PD Editorial: No on 46: A cynical approach to legislating
Proposition 46 is a textbook example of shortcomings in California’s Legislature and its initiative process.
If you can get past the war on the airwaves, and the cynical effort to cloud the real goal of this initiative, you’ll find serious concerns — equal access to the justice system and the cost of running a medical practice — that aren’t easily reduced to snappy slogans.
At issue is the Medical Injury Compensation Act, or MICRA, which was passed in 1975, and signed into law by then-Gov. Jerry Brown, after doctors went on strike to protest skyrocketing malpractice insurance premiums. The law caps damages for non-economic damages, commonly known as “pain and suffering,” at $250,000.
Adjusted for inflation, the cap is the equivalent of $56,500 in 1975. Because most personal injury lawsuits are litigated on a contingency basis, with the plaintiff’s lawyer collecting a share of any judgment instead of hourly fees, it’s almost impossible to bring a malpractice case in California unless a large amount of lost wages is at stake.
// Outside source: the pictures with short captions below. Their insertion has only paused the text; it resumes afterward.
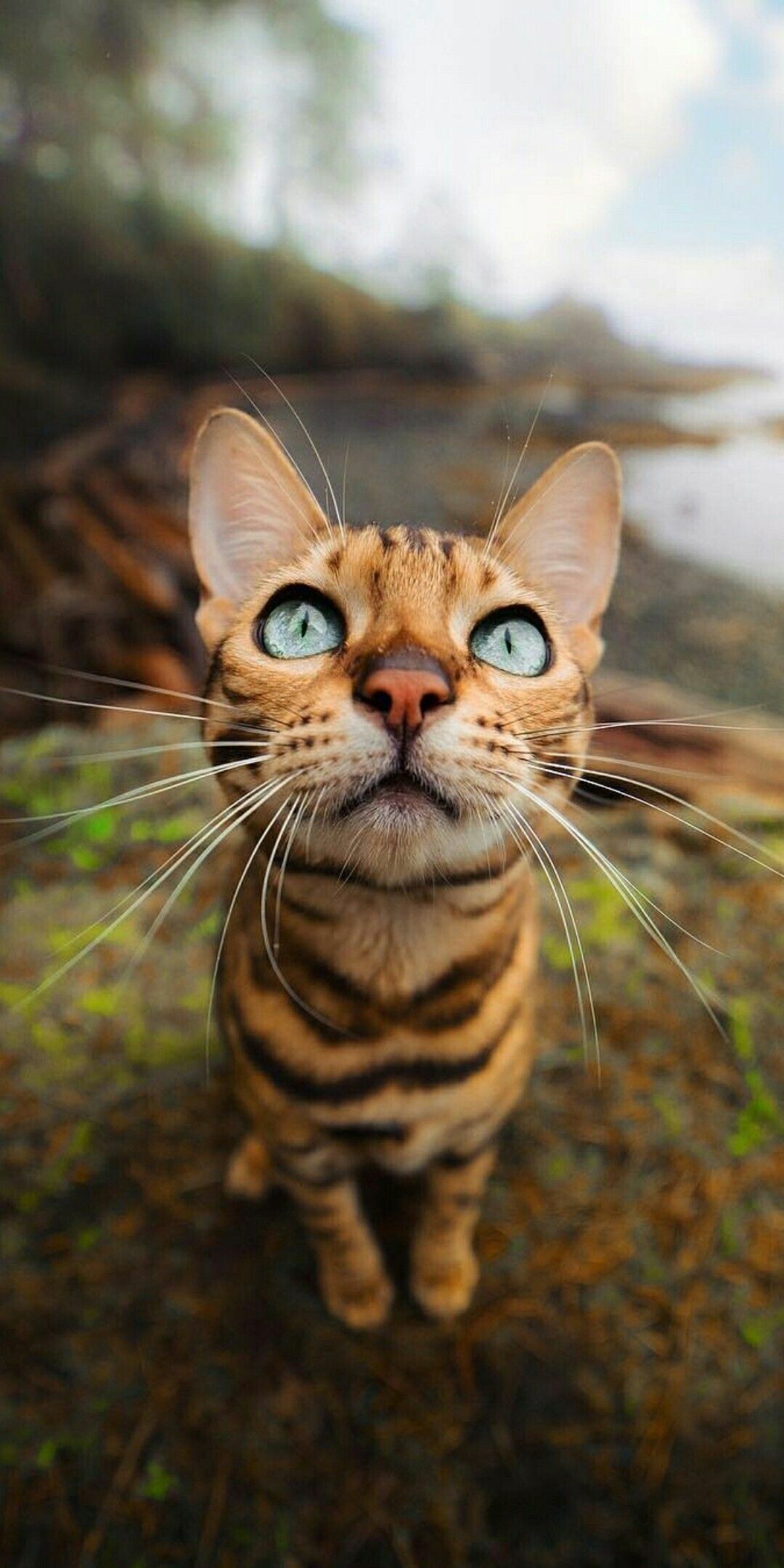 Bengal Cat: They're prized for their dense, short coats that are boldly patterned in different shades of brown, silver, and snow, Felidae. 1080x2160 HD Wallpaper.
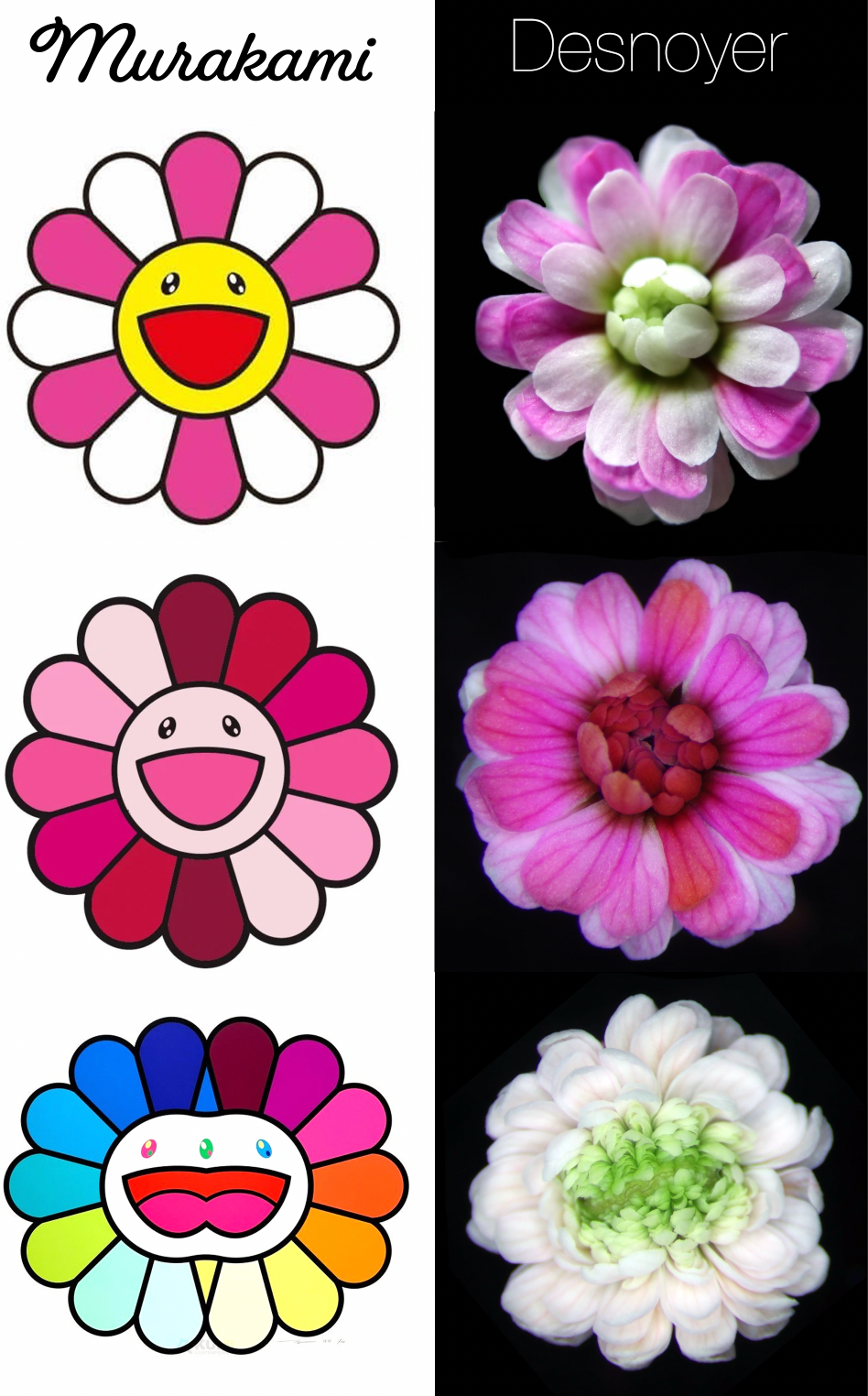 Murakami's synthetically bright flowers, which are secretly crying.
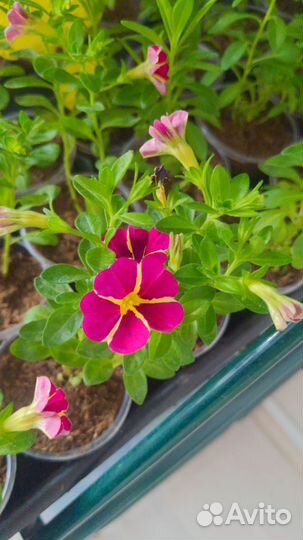 Продам укоренённые черенки Калибрахоа
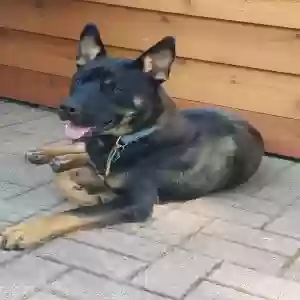 adoptable Dog in Oak Park, MI named JAX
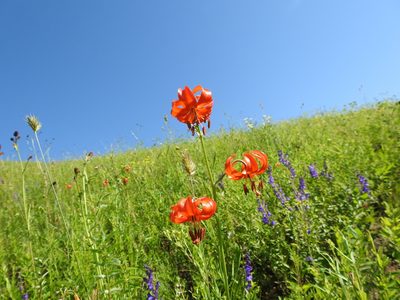 Lilium pumilum, photographed by Анна Васильченко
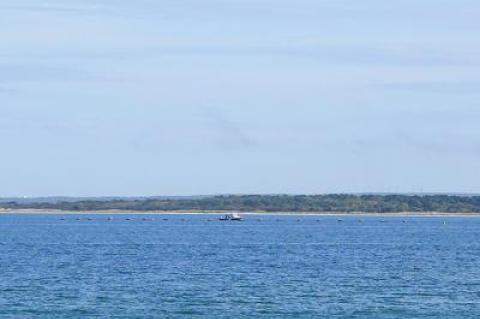 Distant oyster cages in Gardiner's Bay off Amagansett have prompted a lawsuit by the Devon Yacht Club claiming that officials acted improperly in granting a series of aquaculture leases last year.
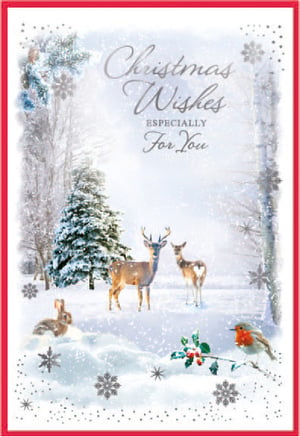 a christmas card with a snowy scene and the words christmas wishes especially for you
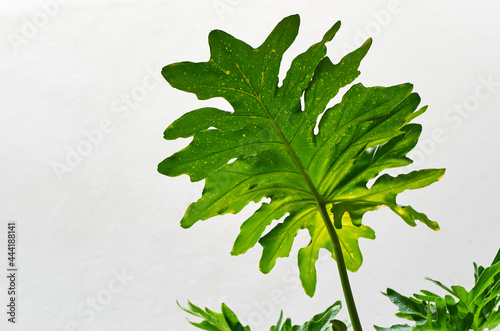 The big green leaves on white background photo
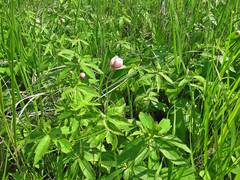Anemonastrum dichotomum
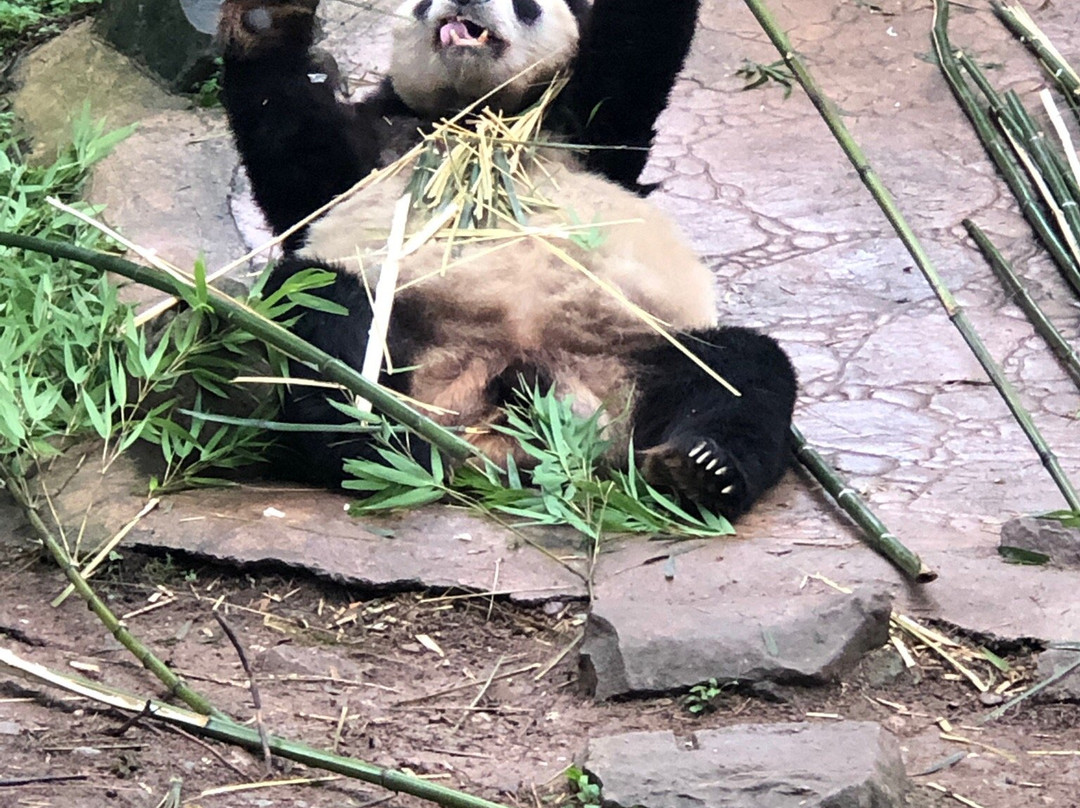 大熊猫谷景点图片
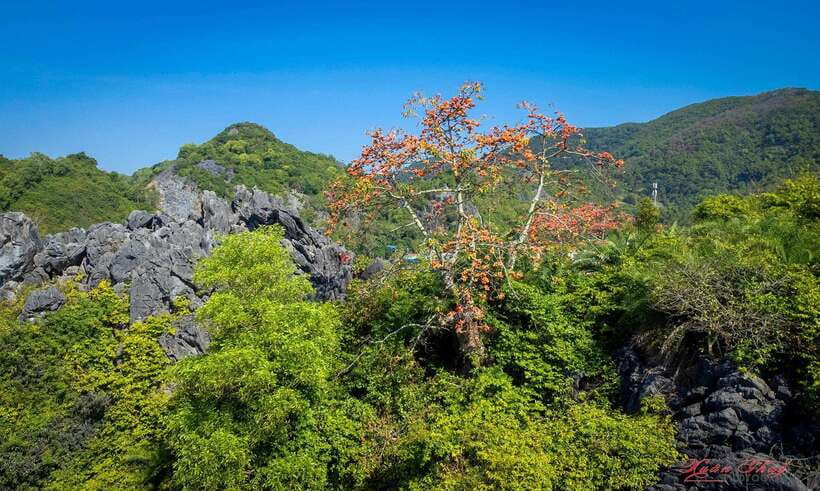 Hanoi: Ha Long Bay & CatBa Island 3-Day with Boutique Cruise - Day 2: Cave time, checkout, and the move to Cat Ba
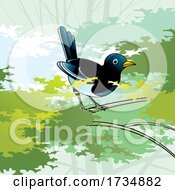 Poster, Art Print Of Magpie Bird On A Branch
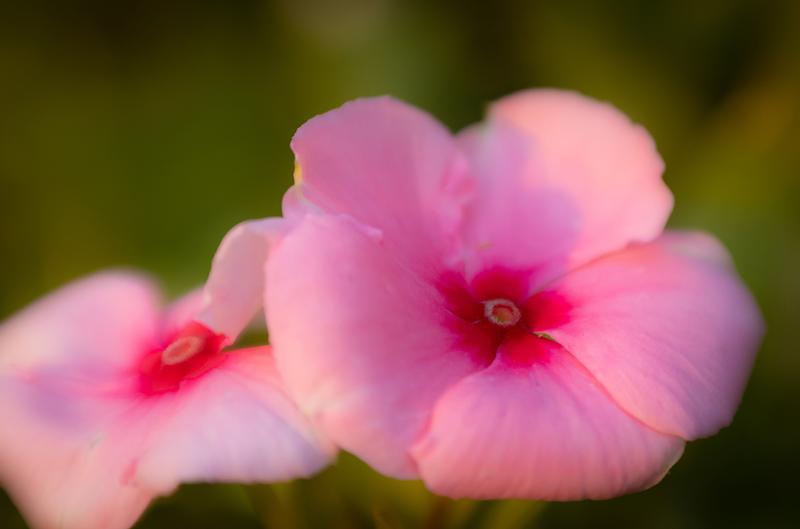 Obiektyw Lensbaby Composer Pro II w/ Sweet 80 do Nikon F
That tends to leave out children, stay-at-home parents,low-wage workers and retired people.
Trial lawyers have tried for years to persuade state legislators to adjust the cap. Doctors and insurers have tried just as hard to block any increase. Both sides have spent millions on lobbying and campaign contributions, and legislators have done nothing.
Proposition 46 is backed by Consumer Watchdog, a Santa Monica-based nonprofit that often sides with the trial lawyers. The group also sponsored Proposition 103, which gave the state insurance commissioner veto power of premium increases for auto insurance.
The commissioner also regulates malpractice insurance, and, as the Los Angeles Times reports, ordered rollbacks of $52 million in excessive premiums in 2012, suggesting that insurers are benefiting from MICA as much or more than doctors.
Proposition 46 would increase the cap on non-economic damages to $1.1 million — equaling the buying power of the 1975 cap — with annual adjustments for inflation. If that’s as far as it went, we might support Proposition 46.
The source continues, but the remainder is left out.